- **Task requirements**
Pictures do not belong in your copy. Repeat all the other data exactly.

- **The data**
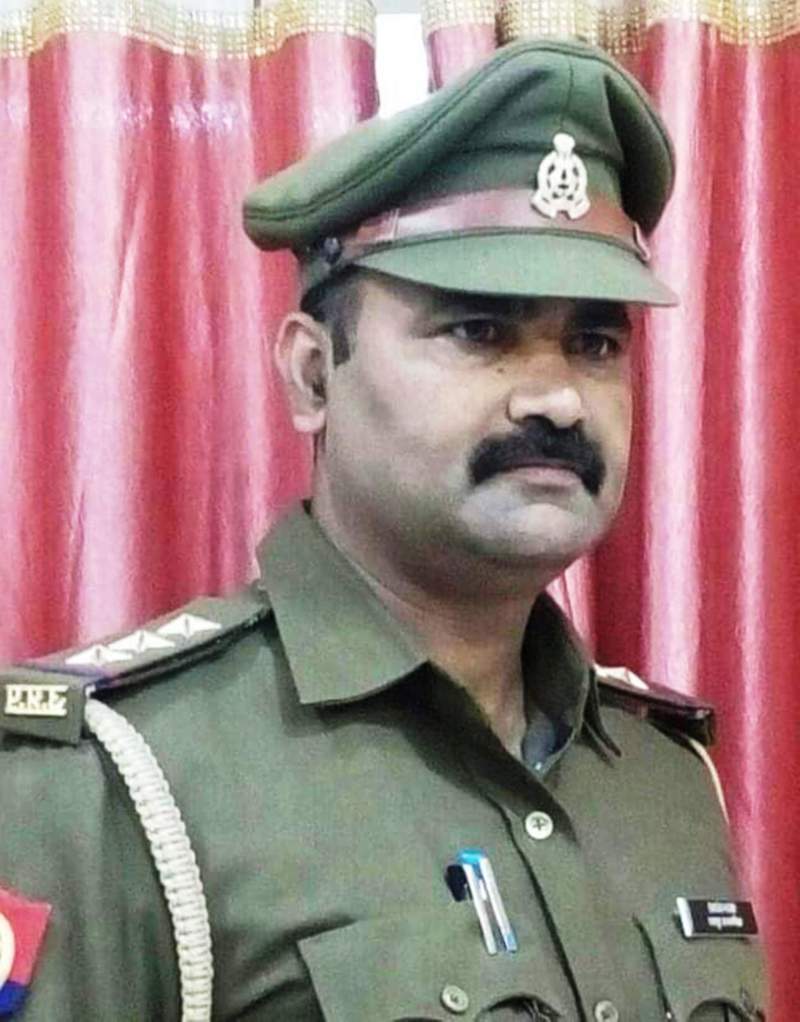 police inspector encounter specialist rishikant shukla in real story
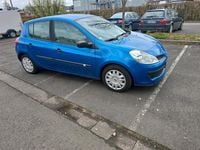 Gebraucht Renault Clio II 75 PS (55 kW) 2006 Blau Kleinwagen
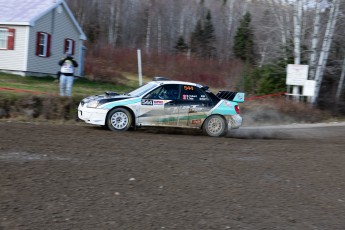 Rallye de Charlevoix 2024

- **Solution for this exercise**
 police inspector encounter specialist rishikant shukla in real story
 Gebraucht Renault Clio II 75 PS (55 kW) 2006 Blau Kleinwagen
 Rallye de Charlevoix 2024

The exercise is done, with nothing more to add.